Tuesday, September 18, 2012

UTIL Utilities Weekly Chart Now in a Weekly Downtrend Negative Broad Market Signal

The utilities sector is playing a key role in broad market direction right now.  Two months ago we saw the utes peak and roll over. Yesterday, price fell under the price from 15 weeks ago, which signals that the utilities have now fallen into a weekly downtrend. When the utes roll over and lead the broad markets lower, this forecasts serious market trouble ahead. The comparison number for this week (the close from 15 weeks ago) is 478.48. If UTIL stays under this number this week, the broad markets will remain weak. The bulls can only restart the upside rally if they move UTIL back above 478.48.

For next week, it only becomes more difficult. The comparison number is 483.05. So not only do the market bulls have to move UTIL back above 478.48 to regain control, but the bulls must also move price up towards 483 by Friday so UTIL can remain above 483 next week.  It all appears as a tall order but stranger things have happened.
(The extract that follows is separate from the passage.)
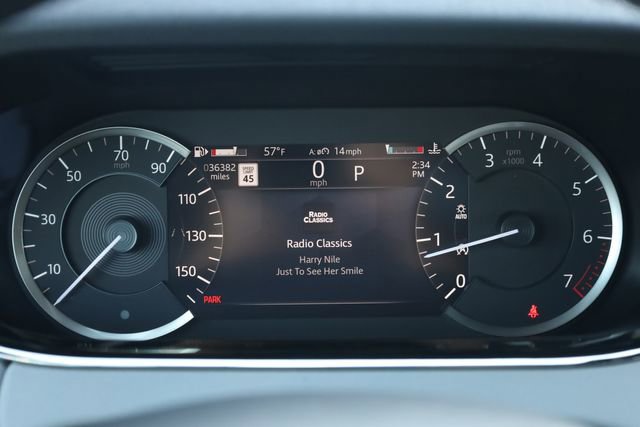 Used 2023 Land Rover Range Rover Evoque R-Dynamic SE image 16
If during this week you see a large powerful up move in the utilities, the fix is in, the market bulls are coming back in to drive the SPX up thru 1500. If utes remain weak, the bears will rule moving forward.

Now that a weekly uptrend has occurred, which is a step one, now keep an eye on the 50-week MA at 462.21.  This level represents a trap-door in the markets. If UTIL loses 462.21, the broad indexes will flush, which would be quite dramatic indeed. On the TA (technical analysis) side, price fell under the bottom rail (thin black line) of the upward-sloping channel three weeks ago. Last week it back kissed that lower trend line and weakness begins again this week. The pattern off the top is a potential two-leg bear flag, or bear pennant, whatever you prefer (thin pink lines). The sideways consolidation move over the last three weeks is more of a triangle so we can call it a bear pennant. If 500 was the top and the first leg ended at 468-ish, that is about 30 handles to the downside. Thus, if the consolidation zone is now finished and price intends to move lower to fulfill the bear pennant, the target is 470-ish (where the second leg down starts from) minus 30, or 440-ish. And, as often happens, the lower target also forms a confluence with support levels, namely the key 440 horizontal support level. The negative divergence shown by the red lines, as usual, creates the spank down off the top.

The weak utilities over the last two months is very ominous for markets moving forward. Projection is a move to 440 support over the coming weeks. If 462 fails, Katy bar the door, the markets are heading for the falls if not already over. This information is for educational and entertainment purposes only.  Do not invest based on anything you read or view here.  Consult your financial advisor before making any investment decision.